Abstract

Abstract Approximately 44% of people living with HIV (PLWH) experience HIV-associated neurocognitive disorders (HAND). Cognitive training approaches, such as speed of processing (SOP) training, may reduce the detrimental impact of HAND on everyday functioning. In this experimental design study, 216 participants 40 and older with HAND or borderline HAND (82% Black) were randomized to one of three groups: 1) 10 hours of SOP training (n=70); 2) 20 hours of SOP training (n=73), or 3) 10 hours of Internet Navigation Control Training (a contact control group; n=73).
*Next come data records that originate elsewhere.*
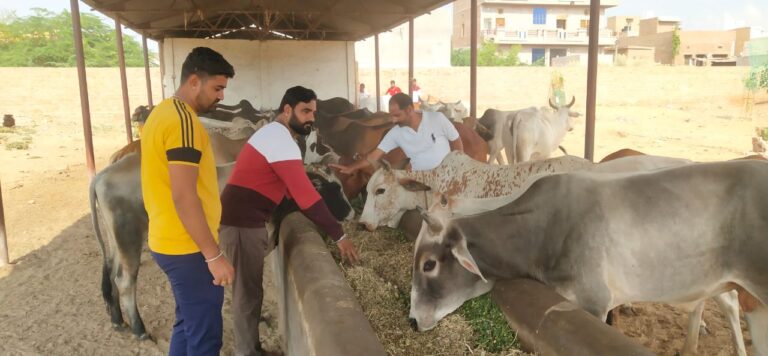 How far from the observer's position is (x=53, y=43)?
33.3 m

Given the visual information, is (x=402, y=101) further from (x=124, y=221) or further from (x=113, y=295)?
(x=113, y=295)

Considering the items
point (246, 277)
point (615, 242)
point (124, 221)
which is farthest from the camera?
point (124, 221)

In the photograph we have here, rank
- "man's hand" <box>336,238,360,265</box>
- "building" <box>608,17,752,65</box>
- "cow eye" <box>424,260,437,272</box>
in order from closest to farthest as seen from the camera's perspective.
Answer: "cow eye" <box>424,260,437,272</box> → "man's hand" <box>336,238,360,265</box> → "building" <box>608,17,752,65</box>

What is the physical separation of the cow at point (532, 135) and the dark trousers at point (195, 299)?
8.33m

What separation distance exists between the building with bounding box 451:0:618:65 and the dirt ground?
19.7 m

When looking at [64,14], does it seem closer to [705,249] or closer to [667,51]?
[705,249]

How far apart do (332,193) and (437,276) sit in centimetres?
234

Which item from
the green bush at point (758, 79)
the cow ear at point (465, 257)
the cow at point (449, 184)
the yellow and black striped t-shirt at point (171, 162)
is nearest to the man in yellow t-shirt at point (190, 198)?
the yellow and black striped t-shirt at point (171, 162)

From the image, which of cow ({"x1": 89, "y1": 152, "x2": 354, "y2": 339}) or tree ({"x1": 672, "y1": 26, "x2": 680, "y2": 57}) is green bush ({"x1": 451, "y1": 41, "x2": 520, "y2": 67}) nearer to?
tree ({"x1": 672, "y1": 26, "x2": 680, "y2": 57})

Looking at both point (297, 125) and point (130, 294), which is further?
point (130, 294)

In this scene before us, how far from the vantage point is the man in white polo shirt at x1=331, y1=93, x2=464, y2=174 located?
18.0ft

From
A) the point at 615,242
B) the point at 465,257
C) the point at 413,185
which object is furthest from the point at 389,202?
the point at 615,242

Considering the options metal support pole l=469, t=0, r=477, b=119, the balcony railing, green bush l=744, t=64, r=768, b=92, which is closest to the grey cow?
metal support pole l=469, t=0, r=477, b=119

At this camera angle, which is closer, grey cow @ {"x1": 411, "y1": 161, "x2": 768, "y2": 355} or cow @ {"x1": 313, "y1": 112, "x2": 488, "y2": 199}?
grey cow @ {"x1": 411, "y1": 161, "x2": 768, "y2": 355} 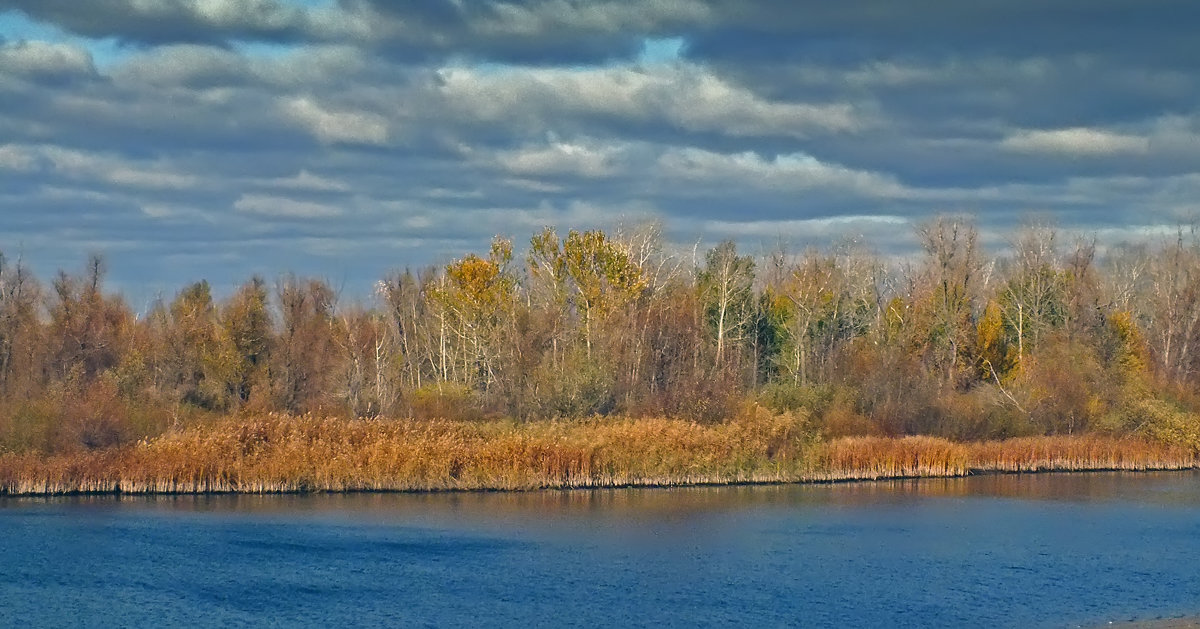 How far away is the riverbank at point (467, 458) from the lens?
39.6 metres

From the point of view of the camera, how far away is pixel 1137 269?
98062 mm

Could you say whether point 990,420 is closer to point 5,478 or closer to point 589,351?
point 589,351

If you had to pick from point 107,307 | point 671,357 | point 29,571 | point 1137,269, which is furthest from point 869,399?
point 1137,269

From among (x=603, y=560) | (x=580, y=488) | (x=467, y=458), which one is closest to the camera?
(x=603, y=560)

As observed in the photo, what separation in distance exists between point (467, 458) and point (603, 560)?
12.5 meters

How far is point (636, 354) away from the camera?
56469 millimetres

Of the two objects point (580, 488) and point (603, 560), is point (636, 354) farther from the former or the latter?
point (603, 560)

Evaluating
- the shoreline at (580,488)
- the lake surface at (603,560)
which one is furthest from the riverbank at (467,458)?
the lake surface at (603,560)

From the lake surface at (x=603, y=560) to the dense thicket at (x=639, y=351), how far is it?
940 cm

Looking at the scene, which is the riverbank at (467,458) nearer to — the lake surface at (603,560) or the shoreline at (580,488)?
the shoreline at (580,488)

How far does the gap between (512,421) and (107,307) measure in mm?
32909

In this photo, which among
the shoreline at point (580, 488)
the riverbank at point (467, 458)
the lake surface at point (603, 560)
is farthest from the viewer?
the riverbank at point (467, 458)

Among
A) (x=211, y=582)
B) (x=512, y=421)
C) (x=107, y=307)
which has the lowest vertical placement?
(x=211, y=582)

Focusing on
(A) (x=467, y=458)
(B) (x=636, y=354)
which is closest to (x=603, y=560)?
(A) (x=467, y=458) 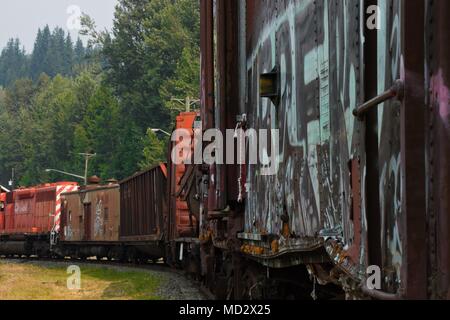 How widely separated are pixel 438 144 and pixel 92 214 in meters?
31.2

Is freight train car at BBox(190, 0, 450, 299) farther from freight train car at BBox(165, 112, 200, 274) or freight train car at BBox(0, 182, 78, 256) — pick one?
freight train car at BBox(0, 182, 78, 256)

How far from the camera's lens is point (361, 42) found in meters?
3.80

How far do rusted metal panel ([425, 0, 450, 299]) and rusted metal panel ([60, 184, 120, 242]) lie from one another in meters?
27.2

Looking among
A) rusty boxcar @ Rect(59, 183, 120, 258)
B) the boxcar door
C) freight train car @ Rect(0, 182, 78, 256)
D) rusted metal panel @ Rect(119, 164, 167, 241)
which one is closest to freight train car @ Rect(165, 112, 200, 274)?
rusted metal panel @ Rect(119, 164, 167, 241)

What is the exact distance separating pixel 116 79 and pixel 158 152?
2019cm

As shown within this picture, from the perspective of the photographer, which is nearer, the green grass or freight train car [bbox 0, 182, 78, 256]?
the green grass

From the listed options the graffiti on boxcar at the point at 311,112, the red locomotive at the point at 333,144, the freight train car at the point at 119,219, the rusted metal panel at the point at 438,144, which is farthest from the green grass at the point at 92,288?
the rusted metal panel at the point at 438,144

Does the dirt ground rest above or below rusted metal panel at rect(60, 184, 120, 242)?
below

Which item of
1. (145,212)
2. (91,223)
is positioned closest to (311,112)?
(145,212)

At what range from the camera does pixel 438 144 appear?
2.88 metres

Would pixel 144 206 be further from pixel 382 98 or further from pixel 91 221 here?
pixel 382 98

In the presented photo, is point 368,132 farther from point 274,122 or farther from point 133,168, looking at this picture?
point 133,168

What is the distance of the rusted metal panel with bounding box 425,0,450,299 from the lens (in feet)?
9.18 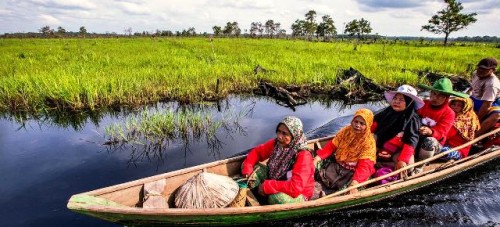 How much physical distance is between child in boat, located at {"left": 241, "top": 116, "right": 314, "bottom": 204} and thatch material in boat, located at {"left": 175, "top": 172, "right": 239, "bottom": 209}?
0.39 m

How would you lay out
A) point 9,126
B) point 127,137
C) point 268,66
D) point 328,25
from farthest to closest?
point 328,25 < point 268,66 < point 9,126 < point 127,137

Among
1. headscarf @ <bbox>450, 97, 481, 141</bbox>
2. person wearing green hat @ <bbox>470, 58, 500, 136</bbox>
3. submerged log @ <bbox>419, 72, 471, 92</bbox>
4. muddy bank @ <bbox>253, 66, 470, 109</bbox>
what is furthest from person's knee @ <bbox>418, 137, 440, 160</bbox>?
submerged log @ <bbox>419, 72, 471, 92</bbox>

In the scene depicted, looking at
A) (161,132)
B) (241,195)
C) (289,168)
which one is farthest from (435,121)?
(161,132)

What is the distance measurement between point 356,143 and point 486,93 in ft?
8.69

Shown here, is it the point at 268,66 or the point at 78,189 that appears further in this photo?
the point at 268,66

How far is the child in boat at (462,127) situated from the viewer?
423cm

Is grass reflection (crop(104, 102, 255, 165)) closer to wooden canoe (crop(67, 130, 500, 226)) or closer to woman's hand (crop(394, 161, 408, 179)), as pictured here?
wooden canoe (crop(67, 130, 500, 226))

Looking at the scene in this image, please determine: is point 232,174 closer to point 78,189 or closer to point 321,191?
point 321,191

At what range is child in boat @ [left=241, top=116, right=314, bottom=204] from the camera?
3.04 m

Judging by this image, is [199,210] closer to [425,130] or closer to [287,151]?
[287,151]

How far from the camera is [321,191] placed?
3463 millimetres

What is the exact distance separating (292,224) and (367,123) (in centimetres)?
135

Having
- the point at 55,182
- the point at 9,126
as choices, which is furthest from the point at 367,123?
the point at 9,126

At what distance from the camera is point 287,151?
10.6ft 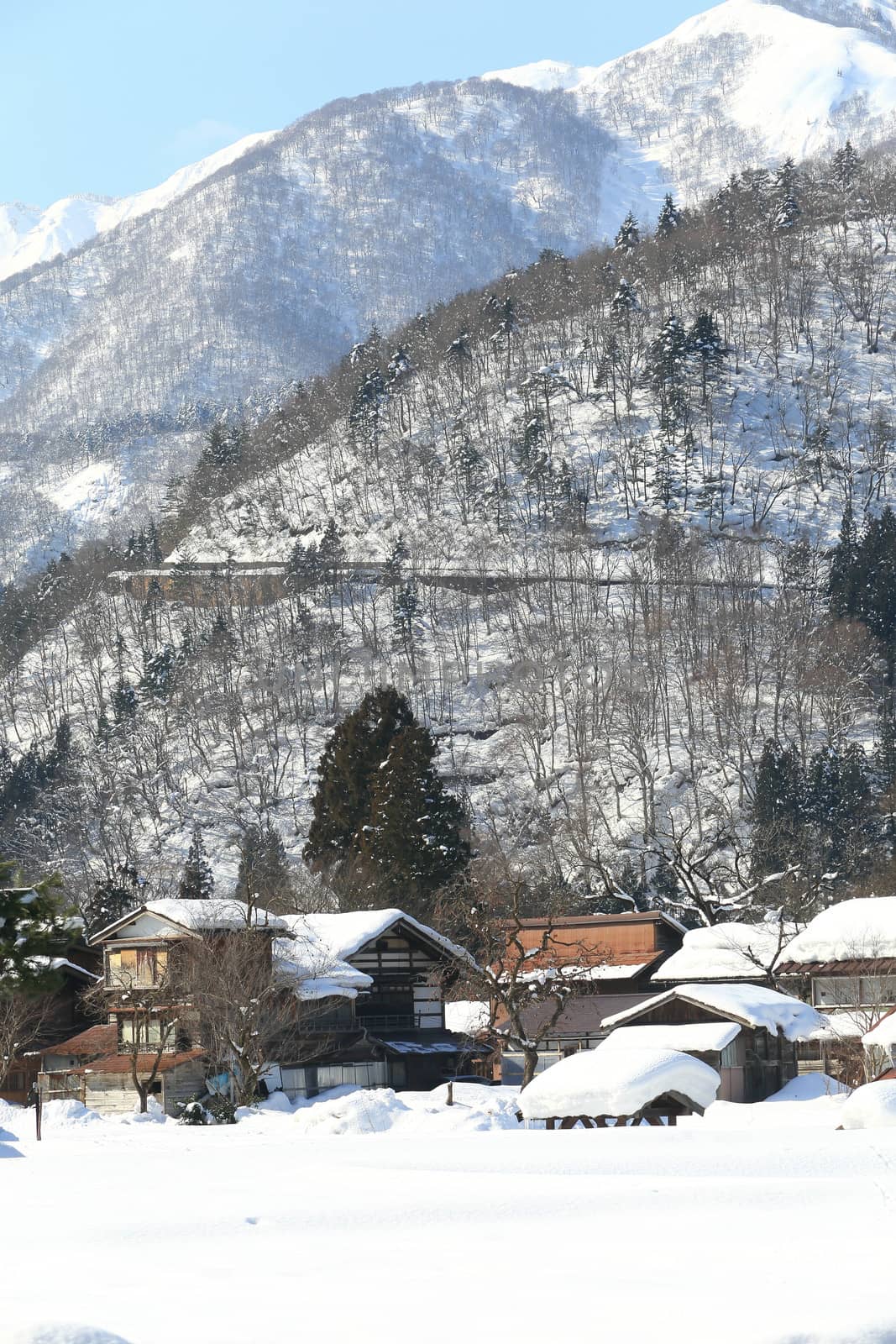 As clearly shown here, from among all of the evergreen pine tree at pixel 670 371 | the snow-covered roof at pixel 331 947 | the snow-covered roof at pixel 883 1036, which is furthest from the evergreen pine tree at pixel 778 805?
the evergreen pine tree at pixel 670 371

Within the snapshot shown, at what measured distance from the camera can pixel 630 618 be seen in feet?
341

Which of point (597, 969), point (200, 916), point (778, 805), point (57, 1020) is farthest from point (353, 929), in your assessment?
point (778, 805)

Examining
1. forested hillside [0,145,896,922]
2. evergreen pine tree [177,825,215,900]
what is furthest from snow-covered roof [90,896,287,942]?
forested hillside [0,145,896,922]

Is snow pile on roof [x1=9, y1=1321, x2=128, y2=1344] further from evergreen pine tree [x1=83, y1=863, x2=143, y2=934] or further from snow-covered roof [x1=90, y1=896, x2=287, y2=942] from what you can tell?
evergreen pine tree [x1=83, y1=863, x2=143, y2=934]

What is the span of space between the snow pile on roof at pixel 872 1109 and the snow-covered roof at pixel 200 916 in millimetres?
24463

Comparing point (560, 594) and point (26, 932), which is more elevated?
point (560, 594)

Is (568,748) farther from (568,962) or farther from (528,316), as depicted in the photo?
(528,316)

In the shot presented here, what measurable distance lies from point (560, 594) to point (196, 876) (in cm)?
4497

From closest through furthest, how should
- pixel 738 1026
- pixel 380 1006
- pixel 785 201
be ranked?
pixel 738 1026 < pixel 380 1006 < pixel 785 201

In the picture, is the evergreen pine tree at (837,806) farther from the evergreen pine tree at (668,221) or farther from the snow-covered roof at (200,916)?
the evergreen pine tree at (668,221)

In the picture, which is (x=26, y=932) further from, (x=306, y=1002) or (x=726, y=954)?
(x=726, y=954)

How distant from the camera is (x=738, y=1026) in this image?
38.7m

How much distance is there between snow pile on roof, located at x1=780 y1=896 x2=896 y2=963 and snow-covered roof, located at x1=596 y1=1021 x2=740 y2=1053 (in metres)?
7.48

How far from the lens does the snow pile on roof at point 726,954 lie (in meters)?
48.0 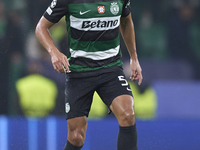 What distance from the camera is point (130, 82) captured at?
7977 millimetres

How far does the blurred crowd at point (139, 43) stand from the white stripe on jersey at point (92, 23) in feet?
10.9

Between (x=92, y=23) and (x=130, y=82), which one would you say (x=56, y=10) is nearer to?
(x=92, y=23)

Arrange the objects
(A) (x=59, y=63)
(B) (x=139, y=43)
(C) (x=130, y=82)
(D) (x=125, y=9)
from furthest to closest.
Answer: (B) (x=139, y=43) → (C) (x=130, y=82) → (D) (x=125, y=9) → (A) (x=59, y=63)

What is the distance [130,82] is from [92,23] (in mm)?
3511

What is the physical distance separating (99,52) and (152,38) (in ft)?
13.8

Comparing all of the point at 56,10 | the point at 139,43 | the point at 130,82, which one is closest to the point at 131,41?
the point at 56,10

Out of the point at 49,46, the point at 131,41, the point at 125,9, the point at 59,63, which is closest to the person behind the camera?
the point at 59,63

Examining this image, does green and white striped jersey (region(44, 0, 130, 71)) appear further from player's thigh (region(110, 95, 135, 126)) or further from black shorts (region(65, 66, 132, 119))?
player's thigh (region(110, 95, 135, 126))

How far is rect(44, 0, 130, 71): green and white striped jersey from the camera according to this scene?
454 cm

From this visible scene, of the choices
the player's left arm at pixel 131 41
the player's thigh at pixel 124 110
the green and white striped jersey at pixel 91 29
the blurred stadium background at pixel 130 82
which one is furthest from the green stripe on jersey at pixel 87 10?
the blurred stadium background at pixel 130 82

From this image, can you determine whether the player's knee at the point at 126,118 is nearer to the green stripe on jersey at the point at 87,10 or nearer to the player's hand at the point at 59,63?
the player's hand at the point at 59,63

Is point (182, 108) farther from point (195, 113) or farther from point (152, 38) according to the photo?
point (152, 38)

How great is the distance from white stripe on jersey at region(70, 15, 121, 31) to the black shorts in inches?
16.3

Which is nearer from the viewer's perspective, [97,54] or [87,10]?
[87,10] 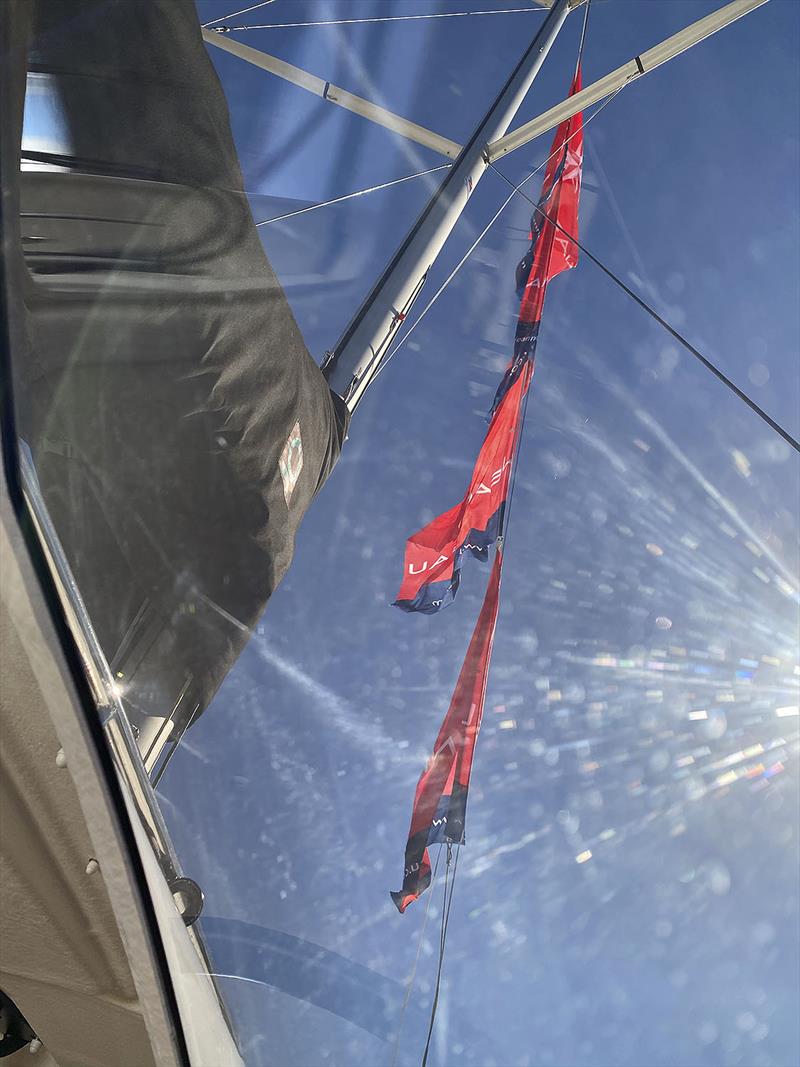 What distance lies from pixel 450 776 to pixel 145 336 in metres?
1.86

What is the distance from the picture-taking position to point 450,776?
7.64 ft

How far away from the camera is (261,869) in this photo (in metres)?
1.17

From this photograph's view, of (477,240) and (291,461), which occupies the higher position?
(477,240)

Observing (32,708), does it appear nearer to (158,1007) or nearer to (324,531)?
(158,1007)

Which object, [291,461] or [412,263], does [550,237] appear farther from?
[291,461]

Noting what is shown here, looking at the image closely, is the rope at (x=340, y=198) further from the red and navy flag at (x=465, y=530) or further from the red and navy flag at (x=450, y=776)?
the red and navy flag at (x=450, y=776)

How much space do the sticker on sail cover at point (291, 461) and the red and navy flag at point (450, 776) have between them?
3.89ft

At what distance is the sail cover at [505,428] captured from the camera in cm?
277

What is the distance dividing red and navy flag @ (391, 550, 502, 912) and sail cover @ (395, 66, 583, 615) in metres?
0.29

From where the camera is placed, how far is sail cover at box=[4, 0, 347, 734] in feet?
2.74

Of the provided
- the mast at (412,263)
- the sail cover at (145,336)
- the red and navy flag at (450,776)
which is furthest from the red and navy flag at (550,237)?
the sail cover at (145,336)

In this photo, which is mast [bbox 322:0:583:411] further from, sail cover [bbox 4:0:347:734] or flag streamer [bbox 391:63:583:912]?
sail cover [bbox 4:0:347:734]

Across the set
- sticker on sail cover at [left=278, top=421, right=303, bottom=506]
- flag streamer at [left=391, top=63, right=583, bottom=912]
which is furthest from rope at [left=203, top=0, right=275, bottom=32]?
flag streamer at [left=391, top=63, right=583, bottom=912]

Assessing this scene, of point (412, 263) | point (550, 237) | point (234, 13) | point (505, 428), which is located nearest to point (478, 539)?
point (505, 428) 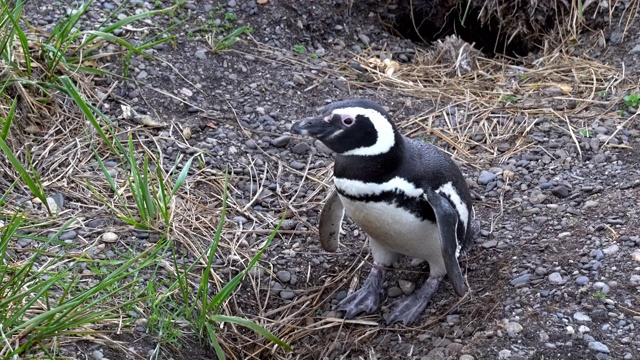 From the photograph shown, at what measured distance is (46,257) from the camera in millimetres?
3086

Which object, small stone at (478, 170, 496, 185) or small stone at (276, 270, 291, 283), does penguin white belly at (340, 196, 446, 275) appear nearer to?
small stone at (276, 270, 291, 283)

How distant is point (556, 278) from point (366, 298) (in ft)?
2.39

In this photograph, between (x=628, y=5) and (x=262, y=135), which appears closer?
(x=262, y=135)

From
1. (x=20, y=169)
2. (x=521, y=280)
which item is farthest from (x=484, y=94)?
(x=20, y=169)

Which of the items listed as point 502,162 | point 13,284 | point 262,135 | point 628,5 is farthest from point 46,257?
point 628,5

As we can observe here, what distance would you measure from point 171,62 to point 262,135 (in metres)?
0.62

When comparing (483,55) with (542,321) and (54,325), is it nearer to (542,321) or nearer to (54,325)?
(542,321)

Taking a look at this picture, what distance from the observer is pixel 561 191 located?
3625mm

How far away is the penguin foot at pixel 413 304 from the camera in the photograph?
3165 millimetres

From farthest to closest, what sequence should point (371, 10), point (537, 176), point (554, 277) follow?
point (371, 10), point (537, 176), point (554, 277)

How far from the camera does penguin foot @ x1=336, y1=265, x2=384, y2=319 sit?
3.25 metres

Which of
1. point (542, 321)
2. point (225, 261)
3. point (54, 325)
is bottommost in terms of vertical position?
point (225, 261)

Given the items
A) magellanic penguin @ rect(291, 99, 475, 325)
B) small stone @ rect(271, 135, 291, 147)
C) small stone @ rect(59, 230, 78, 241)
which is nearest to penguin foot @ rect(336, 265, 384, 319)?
magellanic penguin @ rect(291, 99, 475, 325)

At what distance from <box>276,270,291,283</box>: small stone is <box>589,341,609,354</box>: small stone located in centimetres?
123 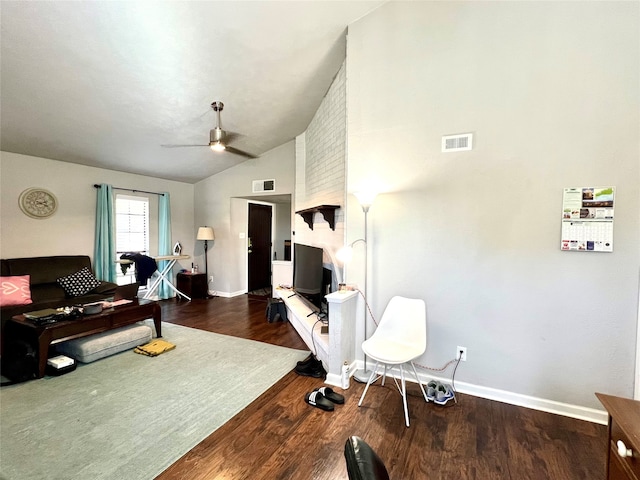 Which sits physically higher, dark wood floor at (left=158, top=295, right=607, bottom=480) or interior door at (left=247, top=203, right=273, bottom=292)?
interior door at (left=247, top=203, right=273, bottom=292)

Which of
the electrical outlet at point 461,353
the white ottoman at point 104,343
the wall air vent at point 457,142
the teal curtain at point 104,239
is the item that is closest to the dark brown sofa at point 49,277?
the teal curtain at point 104,239

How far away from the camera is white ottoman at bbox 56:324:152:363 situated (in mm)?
2936

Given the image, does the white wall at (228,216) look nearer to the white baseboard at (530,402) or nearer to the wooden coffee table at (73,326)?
the wooden coffee table at (73,326)

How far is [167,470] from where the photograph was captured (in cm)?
164

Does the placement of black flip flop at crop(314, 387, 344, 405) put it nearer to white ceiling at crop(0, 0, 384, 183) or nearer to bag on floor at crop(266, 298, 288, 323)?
bag on floor at crop(266, 298, 288, 323)

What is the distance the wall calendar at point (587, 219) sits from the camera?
2.01 m

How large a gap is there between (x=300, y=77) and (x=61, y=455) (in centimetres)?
373

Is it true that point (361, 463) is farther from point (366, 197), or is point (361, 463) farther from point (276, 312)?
point (276, 312)

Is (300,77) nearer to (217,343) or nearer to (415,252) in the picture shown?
(415,252)

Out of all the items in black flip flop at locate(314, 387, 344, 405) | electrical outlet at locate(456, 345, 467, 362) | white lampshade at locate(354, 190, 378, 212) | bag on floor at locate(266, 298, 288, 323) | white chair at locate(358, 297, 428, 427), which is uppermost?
white lampshade at locate(354, 190, 378, 212)

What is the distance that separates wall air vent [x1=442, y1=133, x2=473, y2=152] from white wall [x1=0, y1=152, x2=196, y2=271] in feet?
17.4

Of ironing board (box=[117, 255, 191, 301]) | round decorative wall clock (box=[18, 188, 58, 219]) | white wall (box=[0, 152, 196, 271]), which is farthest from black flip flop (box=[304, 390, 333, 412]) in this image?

Participants completed several everyday functioning measures at baseline, posttest, and year 1 and year 2 follow ups. Everyday functioning measures included: 1) Modified Lawton and Brody Activities of Daily Living (ADL) Questionnaire; 2) Timed Instrumental Activities of Daily Living (TIADL) Test; 3) Patient’s Assessment of Own Functioning (PAOFI); 4) Medication Adherence Questionnaire (MAQ); and 5) Medication Adherence Visual Analog Scale (VAS). Linear mixed-effect models and generalized estimating equation models were fitted to estimate between group differences at all follow-up time points. At follow-up timepoints, those in the 10-hour and 20-hour training groups performed better on medication adherence measures (MAQ and VAS) than those in the control group, with effects (Cohen’s d) ranging from 0.13 to 0.41 for MAQ and 0.02 to 0.43 for VAS. In conclusion, SOP training improved some indicators of everyday functioning, specifically medication adherence; however, the therapeutic effects diminished over time. This is an interesting finding given the importance of medication adherence in viral suppression and overall survival in PLWH.